En caso de realizar una excursión dentro de un área protegida, se recomienda consultar previamente la información brindada por la administración del lugar y respetar las indicaciones sobre senderos habilitados, cierres preventivos o alertas vigentes.
La mochila puede hacer la diferencia
Contar con el equipamiento adecuado es parte de la seguridad. Más allá de la duración de la caminata, siempre es recomendable llevar agua, alimentos, abrigo, ropa impermeable, protector solar, gorro, guantes en temporada invernal, linterna, un botiquín básico y una batería externa para el teléfono celular.
El calzado también cumple un rol fundamental. Se aconseja utilizar botas o zapatillas con buena adherencia, evitando suelas lisas que puedan aumentar el riesgo de resbalones en terrenos húmedos, con barro, nieve o hielo.
Registrar la salida y avisar el recorrido
Antes de emprender una caminata es importante informar a familiares o personas de confianza cuál será el recorrido elegido y el horario estimado de regreso.
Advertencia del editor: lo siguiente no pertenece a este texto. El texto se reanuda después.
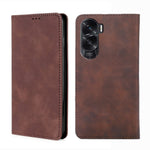 Custodia per telefono in pelle magnetica Skin Feel, For Honor X50i 5G / 9 Lite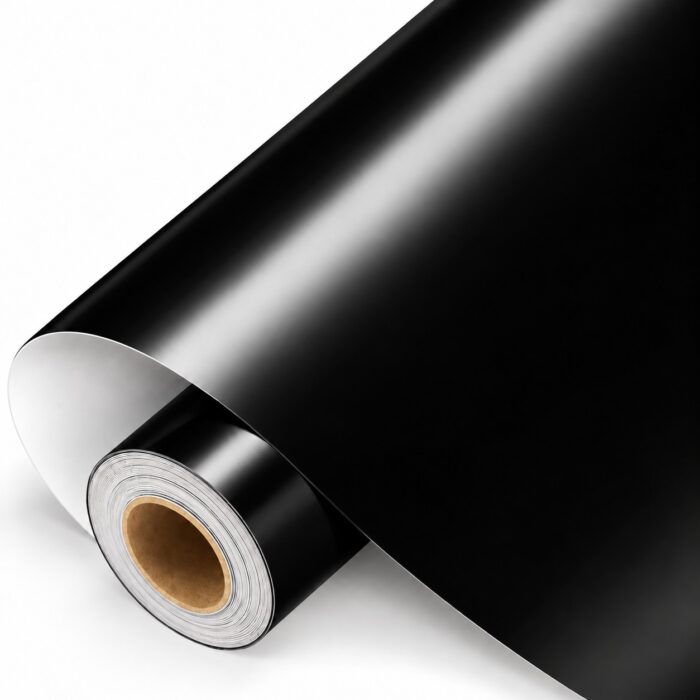 Vinil Ardigital Preto Brilho 1,22x50m
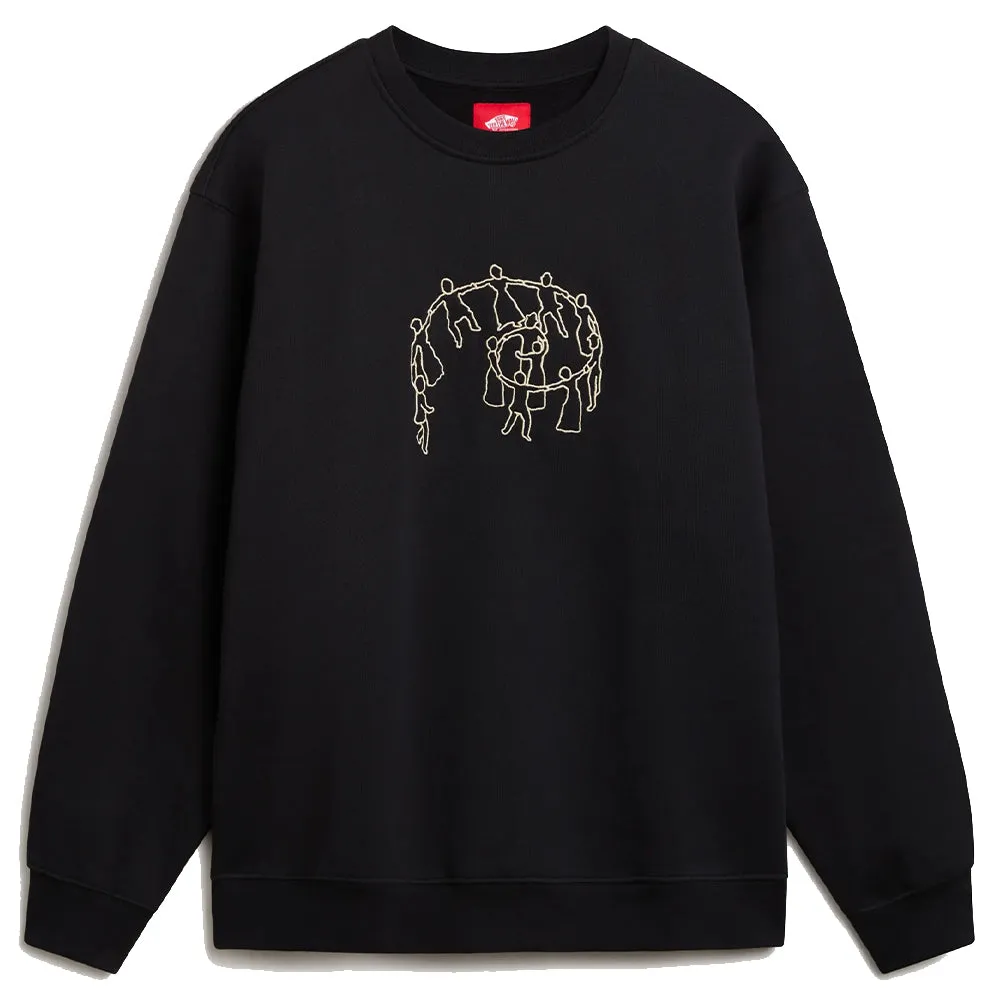 Vans - Skate Hold Hands Pullover Crew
Además, siempre que exista un sistema de registro en el acceso al sendero o en el área protegida, es recomendable completar esos datos antes de iniciar la actividad. Esa información resulta de gran utilidad si se produce una emergencia o es necesario iniciar una búsqueda.
Otra recomendación es evitar las caminatas en solitario, especialmente cuando se trata de recorridos largos, poco conocidos o de mayor dificultad.
Respetar la montaña también es cuidarla
La seguridad no depende únicamente del equipamiento o de la planificación. También está vinculada al respeto por el ambiente.
No abandonar residuos, transitar únicamente por senderos habilitados, evitar alterar la flora y la fauna y respetar las indicaciones de los guardaparques o autoridades forman parte de una práctica responsable.
El riesgo de incendios merece una atención especial. Una colilla de cigarrillo, una fogata mal apagada o cualquier descuido puede provocar consecuencias irreparables para el bosque nativo. Ante la presencia de humo, llamas o cualquier indicio de un foco ígneo, lo correcto es dar aviso inmediato a las autoridades y no intentar combatir el incendio por cuenta propia.
Qué hacer ante una emergencia
Si durante una caminata una persona se desorienta o pierde el sendero, la principal recomendación es mantener la calma y, si es posible, regresar al último punto conocido sin tomar atajos.
En caso de no poder continuar con seguridad, es preferible permanecer en un lugar visible y comunicarse con los servicios de emergencia si existe señal. Si no hay cobertura, haber informado previamente el recorrido y completar el registro de ingreso puede resultar clave para facilitar las tareas de búsqueda.
La montaña ofrece algunas de las postales más imponentes de la Patagonia, pero también exige responsabilidad. Prepararse antes de salir, conocer los propios límites y cuidar el entorno son acciones que permiten disfrutar de cada experiencia con mayor seguridad y contribuir a preservar estos paisajes para las futuras generaciones.